■ Task prompt ■
Will you write out the data exactly, excluding every picture?

■ Recorded information ■
^^^^^^^^

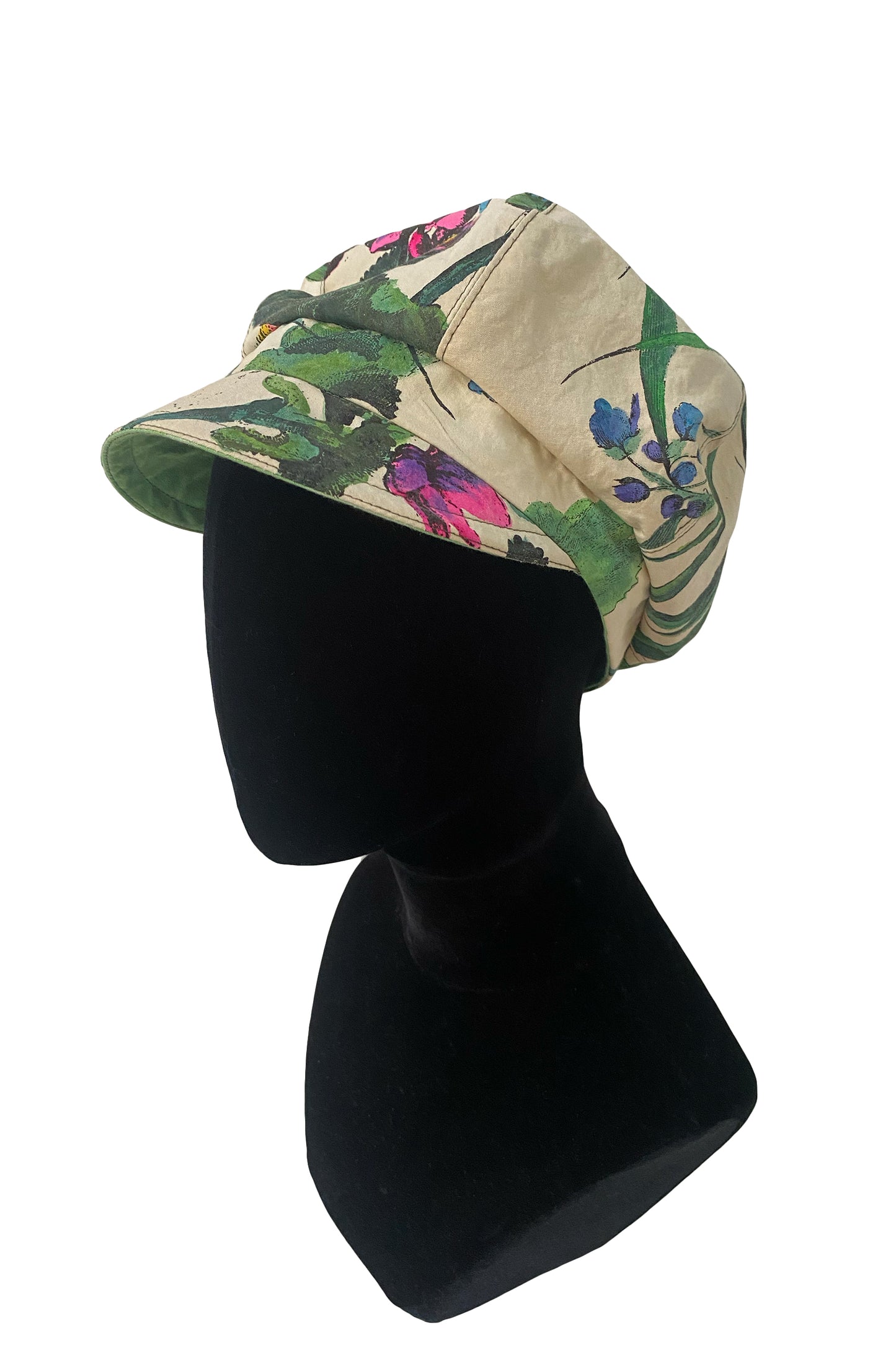 Brixton Hat - Handpainted Botanical Print - Natural, Green, Pink & Blue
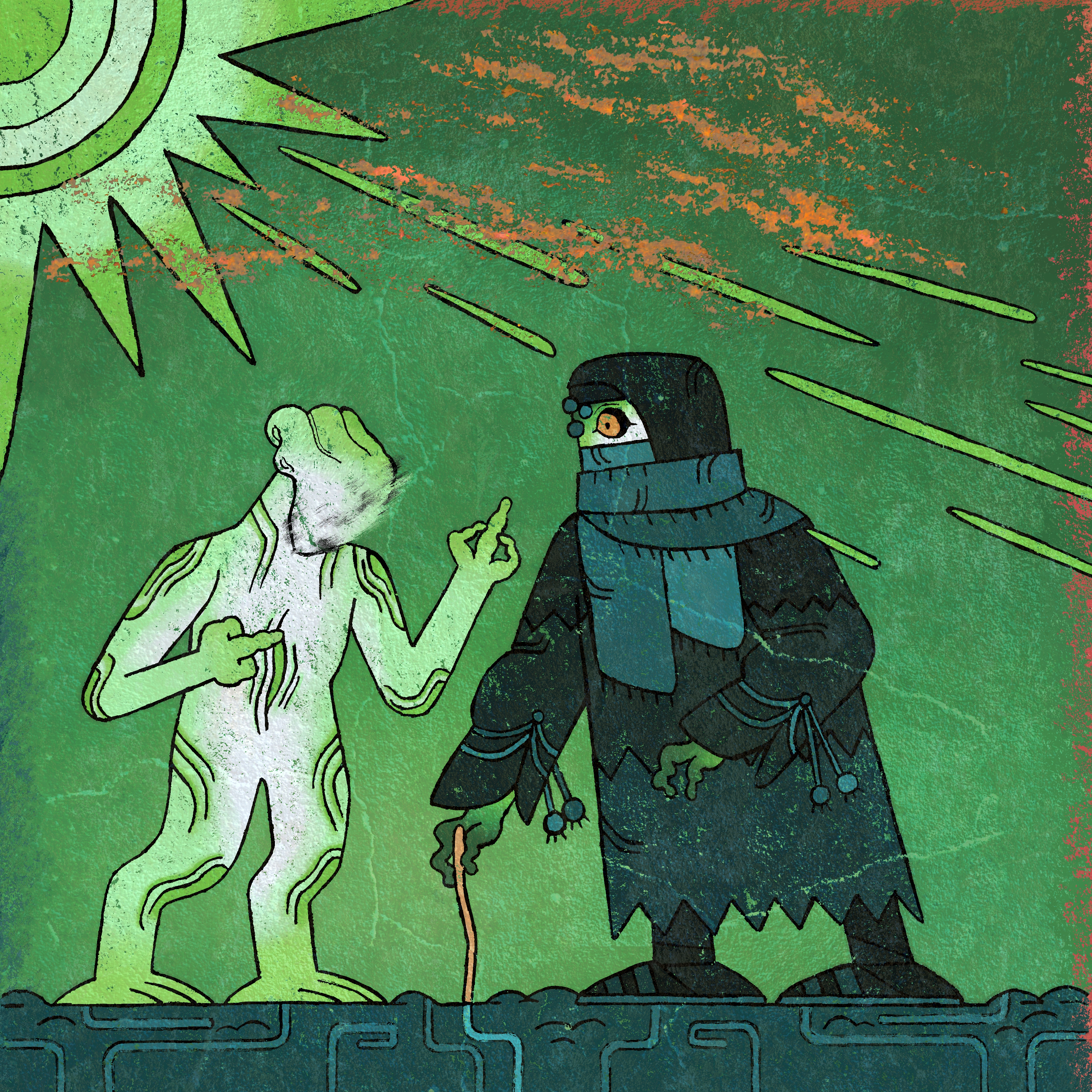 First Age art depicting an encounter between the prophet and his first disciple, Gonisha
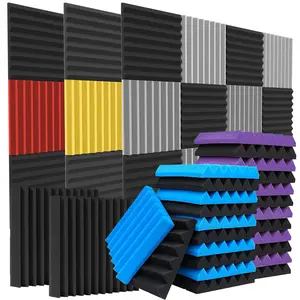 24~48PCS 12x12x1inch Acoustic Foam Panels, Decorative Wedge Studio Soundproof Panel for Walls, Sound Absorbing Fire Resistant & Noise Absorbing Acoustic Foam Panel for Meeting Room Office Study Library Cinema Music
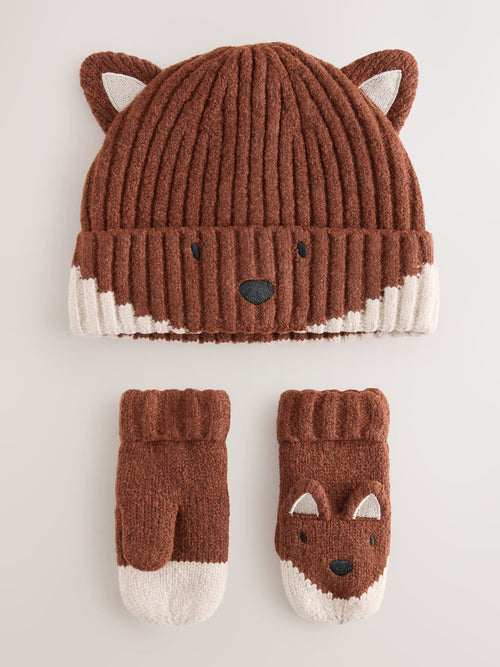 Dsiney Kidz - Orange Fox Character Hat and Gloves Set 2 Piece (3mths-6yrs) image 1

^^^^^^^^

■ Task answer ■
 Brixton Hat - Handpainted Botanical Print - Natural, Green, Pink & Blue
 First Age art depicting an encounter between the prophet and his first disciple, Gonisha
 24~48PCS 12x12x1inch Acoustic Foam Panels, Decorative Wedge Studio Soundproof Panel for Walls, Sound Absorbing Fire Resistant & Noise Absorbing Acoustic Foam Panel for Meeting Room Office Study Library Cinema Music
 Dsiney Kidz - Orange Fox Character Hat and Gloves Set 2 Piece (3mths-6yrs) image 1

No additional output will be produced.